======== Information provided ========

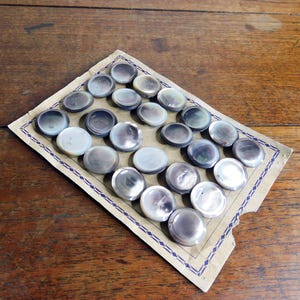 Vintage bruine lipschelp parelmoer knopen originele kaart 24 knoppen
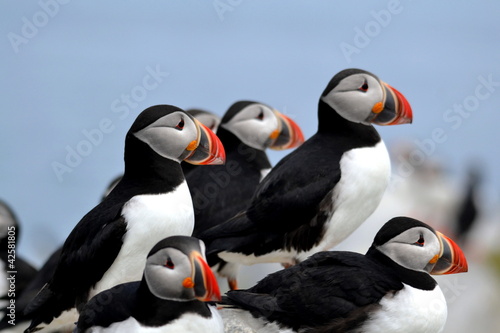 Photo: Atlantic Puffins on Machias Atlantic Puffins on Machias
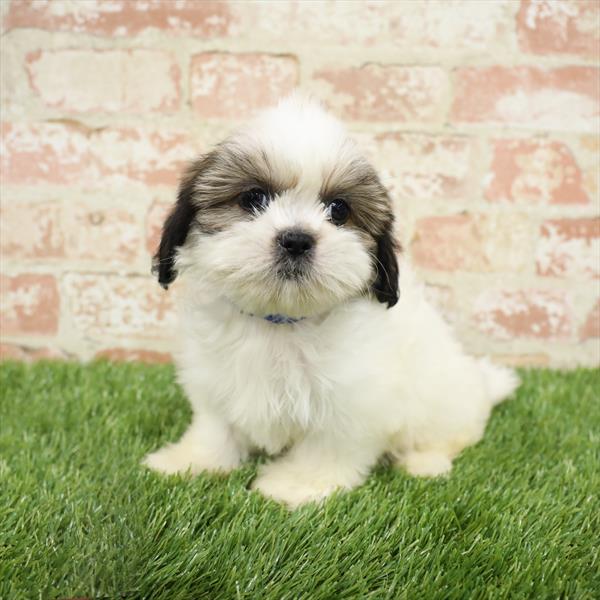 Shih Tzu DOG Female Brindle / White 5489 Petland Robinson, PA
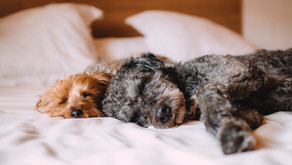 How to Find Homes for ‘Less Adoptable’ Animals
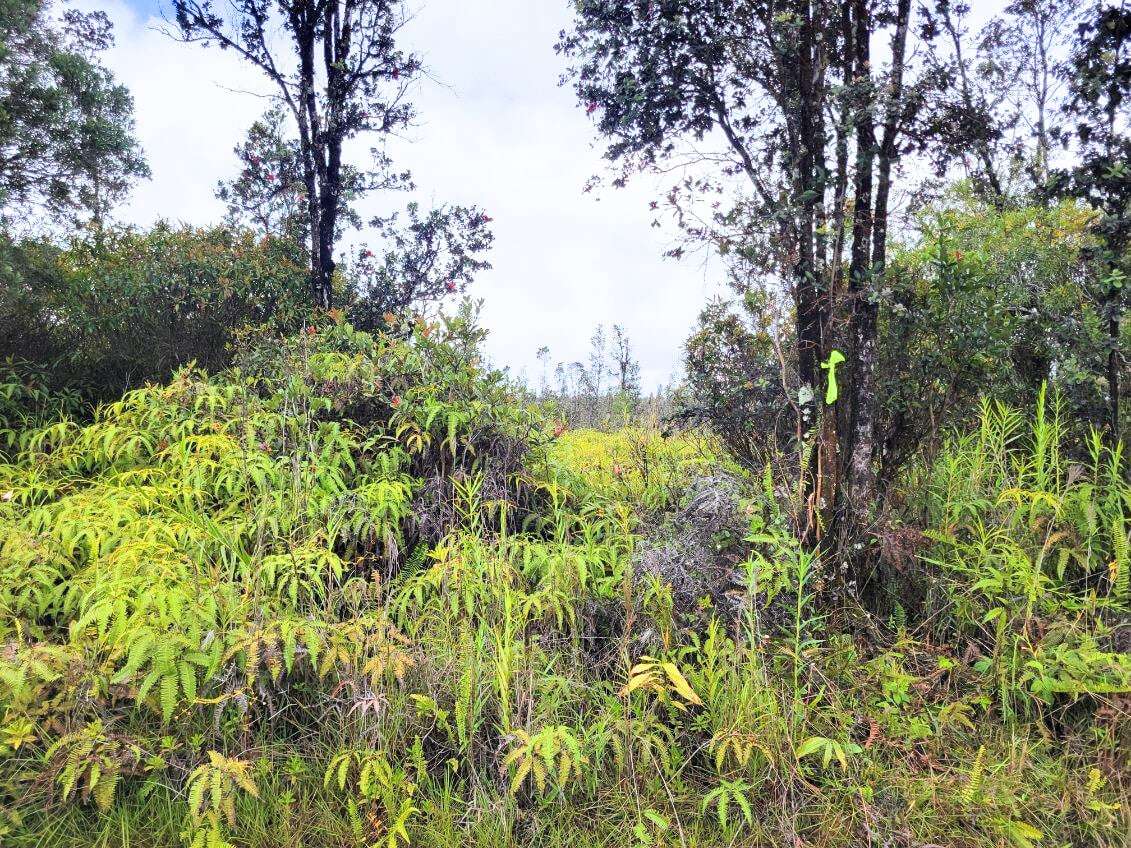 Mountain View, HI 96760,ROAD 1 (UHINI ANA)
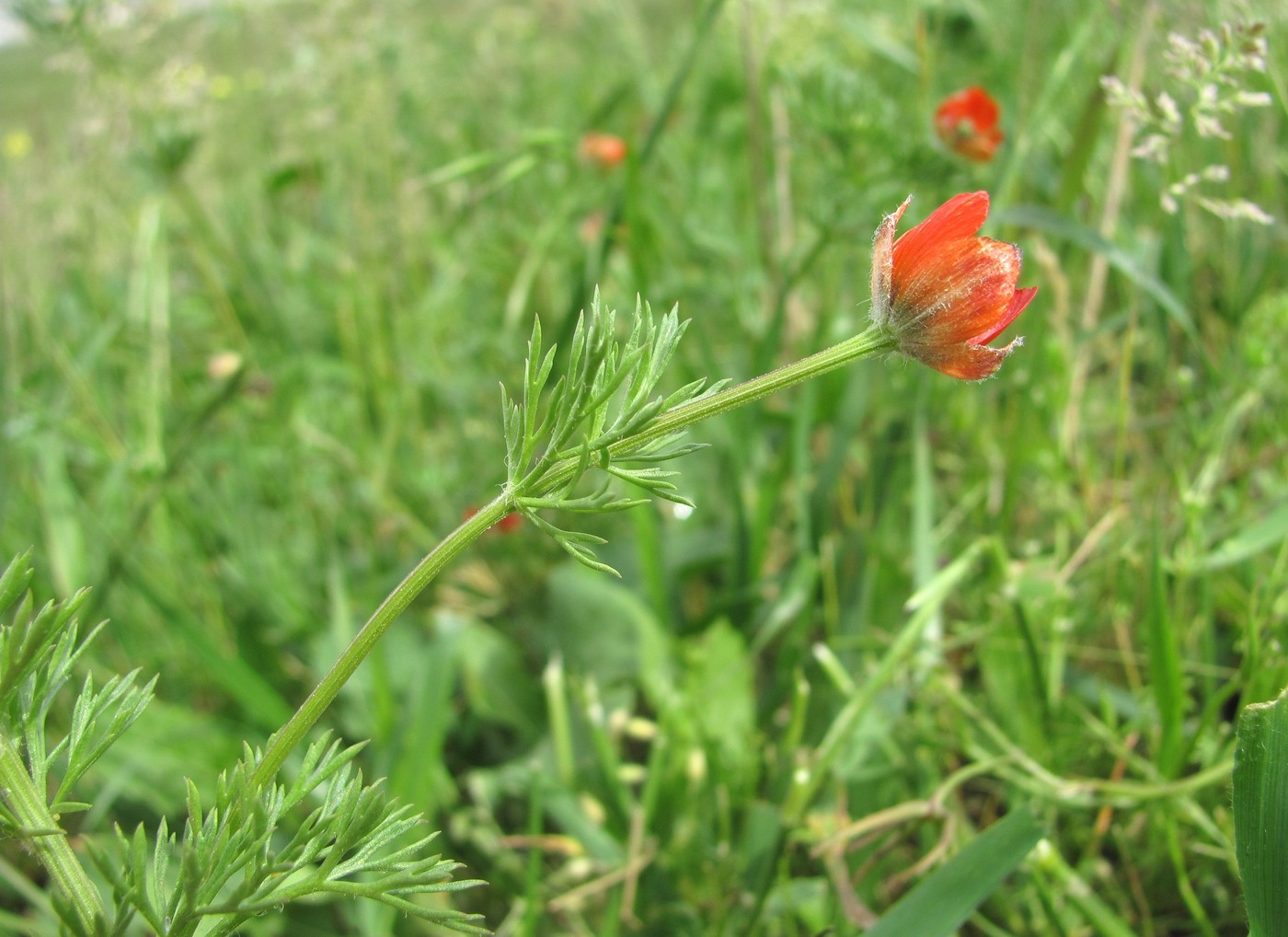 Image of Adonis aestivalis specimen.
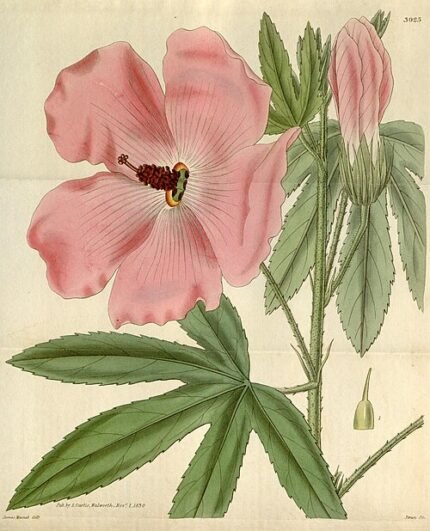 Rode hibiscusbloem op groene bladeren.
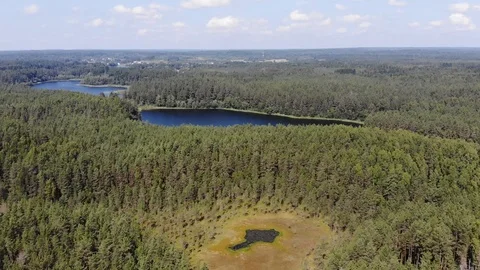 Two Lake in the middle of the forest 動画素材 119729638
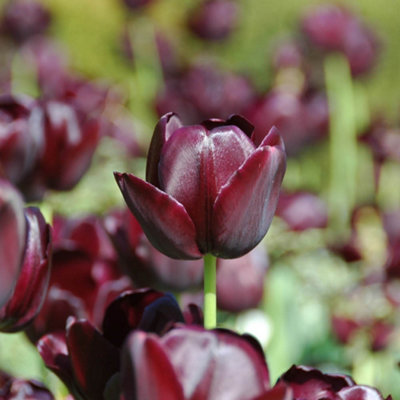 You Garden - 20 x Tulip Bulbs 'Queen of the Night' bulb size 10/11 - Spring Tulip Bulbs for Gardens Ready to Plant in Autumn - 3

========
======== Information provided ========

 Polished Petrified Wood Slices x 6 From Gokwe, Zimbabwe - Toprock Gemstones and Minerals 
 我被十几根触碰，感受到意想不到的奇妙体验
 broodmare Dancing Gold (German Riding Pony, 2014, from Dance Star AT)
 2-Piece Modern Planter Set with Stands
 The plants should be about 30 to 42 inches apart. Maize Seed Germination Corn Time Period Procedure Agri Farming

========
======== Information provided ========

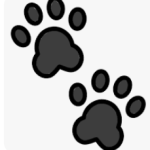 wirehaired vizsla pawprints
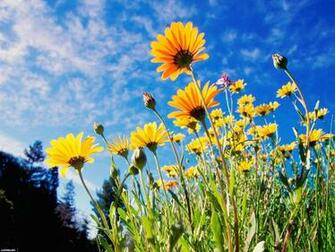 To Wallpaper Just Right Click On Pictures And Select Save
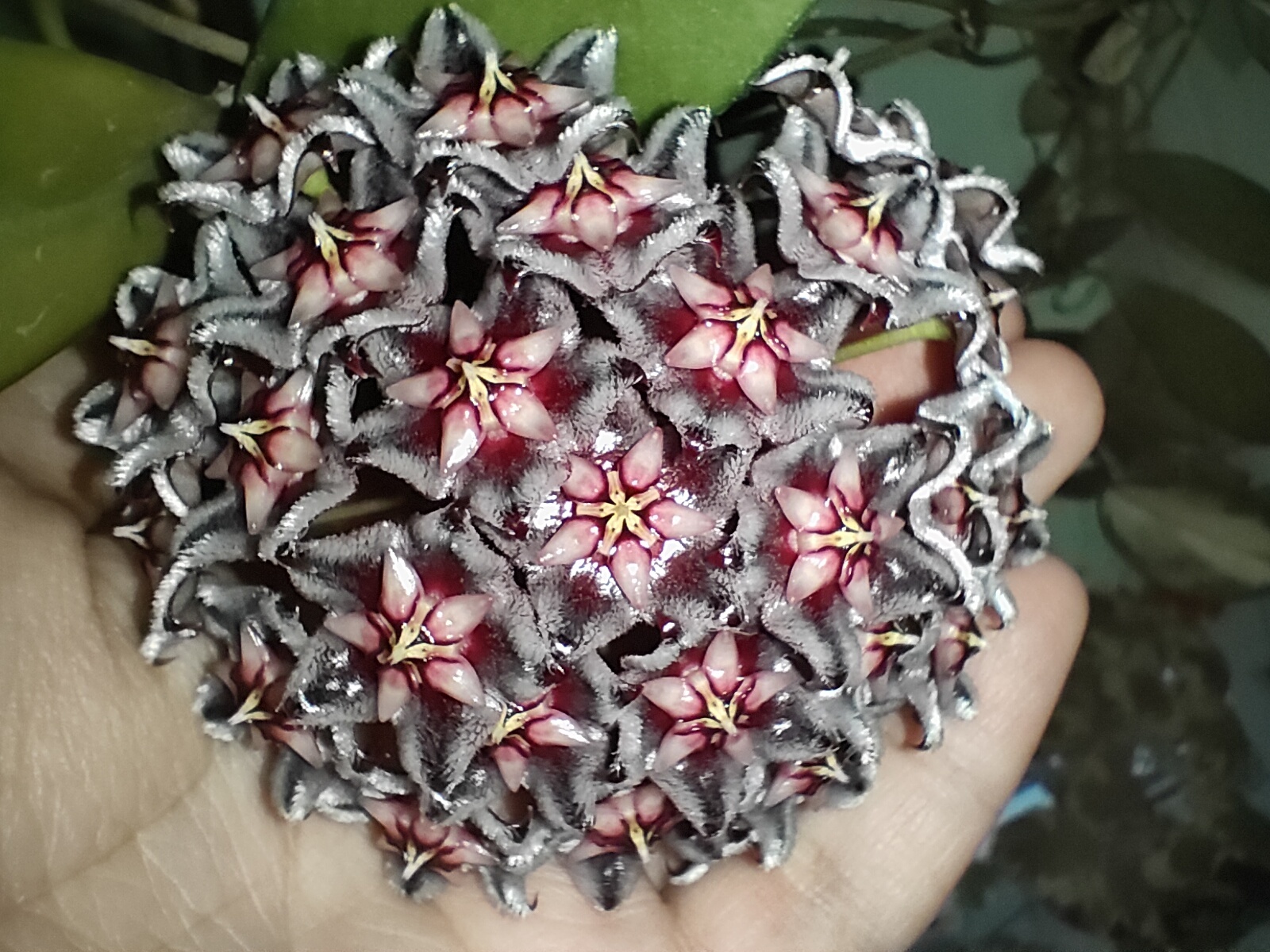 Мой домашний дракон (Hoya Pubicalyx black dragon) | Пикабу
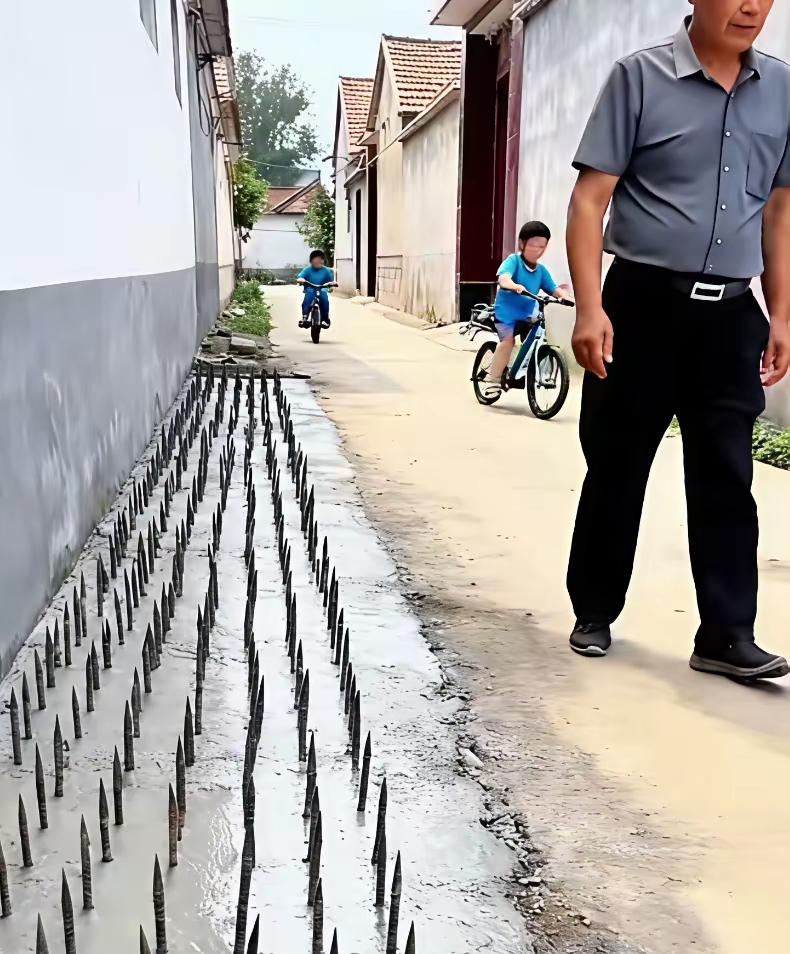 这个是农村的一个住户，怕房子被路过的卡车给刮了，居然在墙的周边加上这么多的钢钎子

========

• [Exercise directions]:
Pictures excluded, reproduce only the part above that opens with the line holding "Vintage bruine lipschelp" and closes with the line holding "You Garden - 20", exactly as written.

• [Solution to this task]:
 Vintage bruine lipschelp parelmoer knopen originele kaart 24 knoppen
 Photo: Atlantic Puffins on Machias Atlantic Puffins on Machias
 Shih Tzu DOG Female Brindle / White 5489 Petland Robinson, PA
 How to Find Homes for ‘Less Adoptable’ Animals
 Mountain View, HI 96760,ROAD 1 (UHINI ANA)
 Image of Adonis aestivalis specimen.
 Rode hibiscusbloem op groene bladeren.
 Two Lake in the middle of the forest 動画素材 119729638
 You Garden - 20 x Tulip Bulbs 'Queen of the Night' bulb size 10/11 - Spring Tulip Bulbs for Gardens Ready to Plant in Autumn - 3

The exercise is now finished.